前編では、アイディール・リーダーズ株式会社 CCO(Chief Culture Officer)の宮森千嘉子氏に、CQの定義と日本社会・組織が持つ文化的な傾向について伺いました。後編では、多様な人材が共に働き、未来の競争力を育むために不可欠なCQを、個人そして組織としてどのように高めていくのか、具体的なアプローチを宮森氏にお話しいただきます。

なぜ日本組織は同化を求めるのか。6次元モデルで見る文化的特徴

――日本企業は今、労働人口の減少という課題に直面し、外国人材を含めた多様な人々との協働が必須となっています。宮森さんは、日本人の異文化に対する理解や、文化がもたらす影響に関する理解には、どのような課題があると感じられますか?

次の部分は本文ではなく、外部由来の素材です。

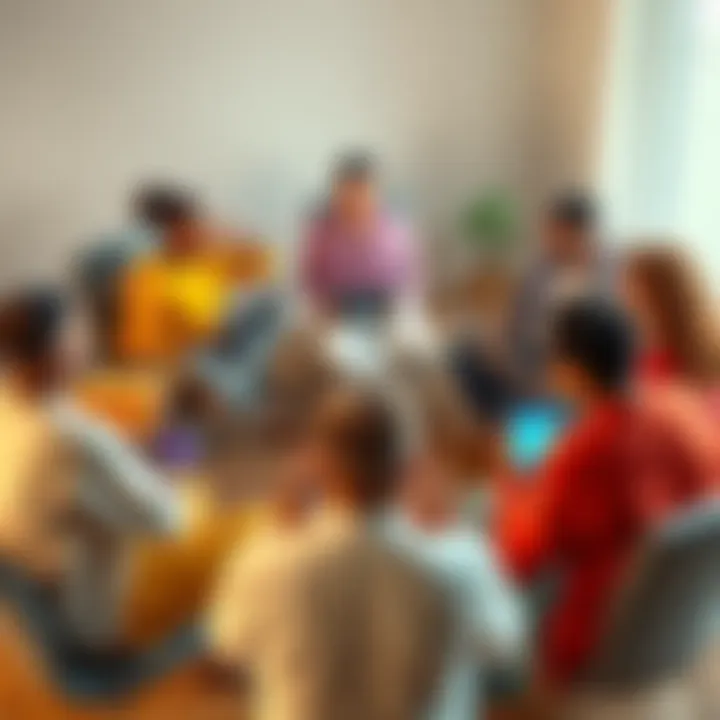 A group of diverse people sitting in a circle, chatting and sharing their spiritual experiences on Discord with laptops and smartphones. Some are meditating, others are listening attentively.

アイディール・リーダーズ株式会社 CCO 宮森千嘉子氏(以下、宮森):17年間海外で過ごし、日本に戻って感じたのは、異文化に対する誤解や理解不足が、まだ根強いということです。「日本人はみんな同じだ」という前提が強いぶん、違いが見えたときに戸惑いが大きくなっているのではないかと。その結果、無意識に「自分たちに合わせてもらう」方向に寄ってしまう場面もあると感じます。

日本は、行動が予測しづらい少数派に不安を覚えやすく、目的達成のために同質性を求めやすい面があります。だからこそ、多様性を進めても、インクルージョンではなく「同化」に誘導してしまう。そこが、これから向き合う課題だと思います。

――宮森さんが日本で広められた「ホフステードの6つの文化次元(以下、6次元モデル)」でいうと、日本はどういった傾向がありますか?

宮森:6次元モデルで分析すると、日本は他国と比べて、不確実性回避と達成志向が高い傾向にあります。曖昧さを減らし、品質と成果を積み上げる力が強い。その意味で、日本の組織は「完璧を目指す文化」になりやすいと思います。私はこれを「職人型」と呼んでいます。

――なるほど。完璧主義的な傾向は、プライベートにも影響していそうですね。労働時間だけでなく、介護や子育てなどの家事の時間も日本が他国と比べると長い傾向がありますね。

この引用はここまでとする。